I was surprised to see Tuesday that Frederick County MD. wasn't issued an weather advisory, but most of Md was. I went to bed around midnight, & it had been snowing a couple of hrs. with a mere coating. Radar showed whole storm going mostly south into the Virgina's. Woke up {luckily} around 3am & it was coming down hard, with 3+'' on the ground. I checked radar, & this little micro burst was hammering Frederick. The snow was so dry & fluffy that I'm sure at 5-6" snow. I am in no way complaining....


----------



## mike33 (Feb 15, 2006)

*Buying wiz top & hat (g)/(t)*

Your lucky Cumberland had 1.5" , LaVale 2-3, and Frostburg 3"
Mike


----------



## mickman (Jan 24, 2001)

Hey Mike,
It's looking good for a big storm next Tues. & Weds.
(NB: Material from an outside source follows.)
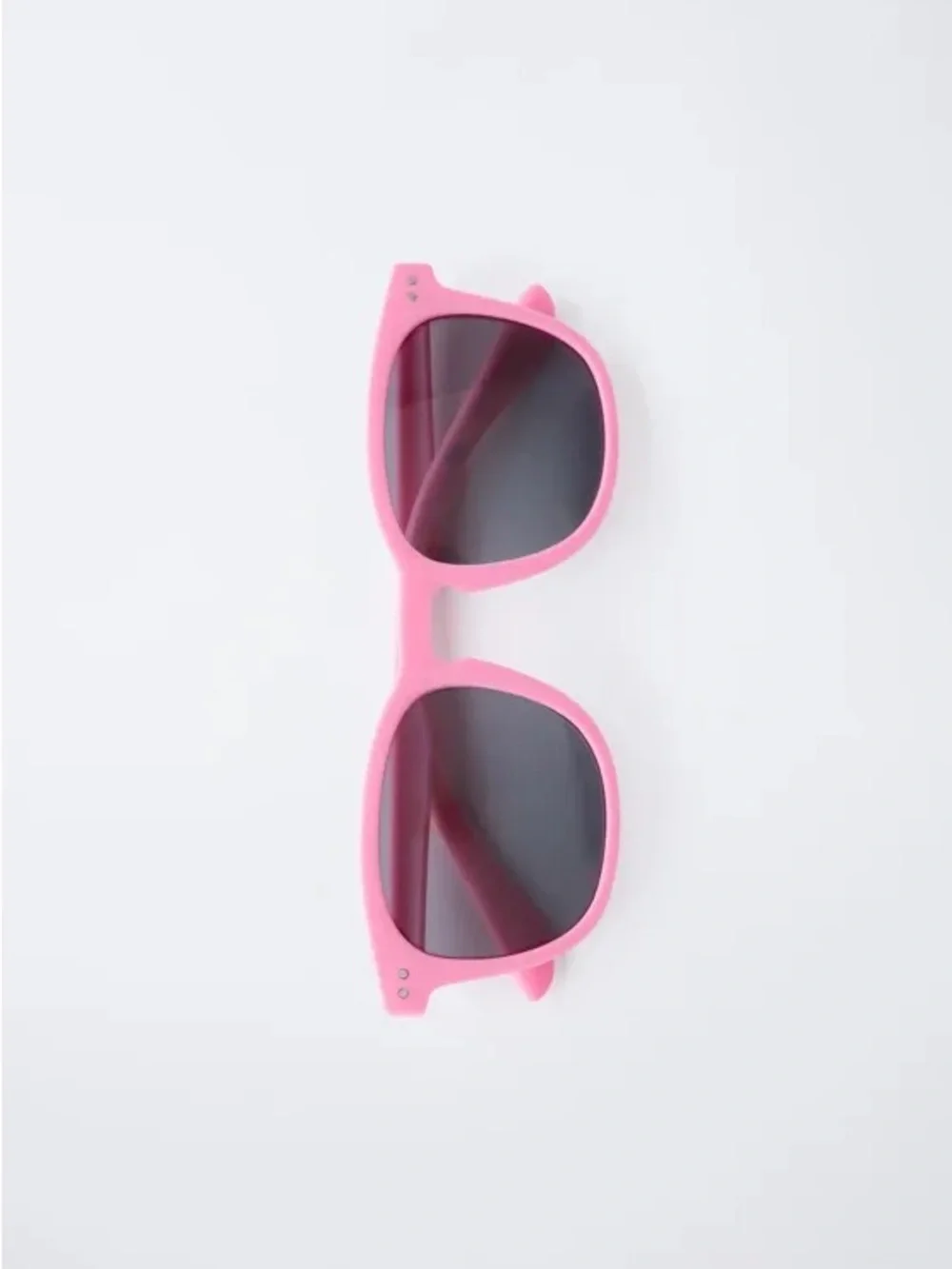 NWOT. Zara Kids Neon Pink Sunglasses.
The way they're talking, we might be measuring by the foot.Check out capitalweather.com

They're saying the next couple of weeks looks like below temps. & above precip.


----------



## mike33 (Feb 15, 2006)

*Bobcatservice*

That would be nice for next week. I was looking at you company name. I belong to an organazation called Royal Order Of Jesters.
Mike


----------



## mickman (Jan 24, 2001)

Well, it was a no-brainer being my name is Mike "JESTER". I drew a jester chasing after his mower....& the rest is history.


----------



## columbiaplower (Feb 16, 2000)

in howard county we got about 2 inches. not a bad storm to deal with, this week looks good for us

-Nick


----------



## itsgottobegreen (Mar 31, 2004)

We got to put in a couple of hours plowing in columbia. Then dropped some salt. Not really worth the time but its better than nothing.


----------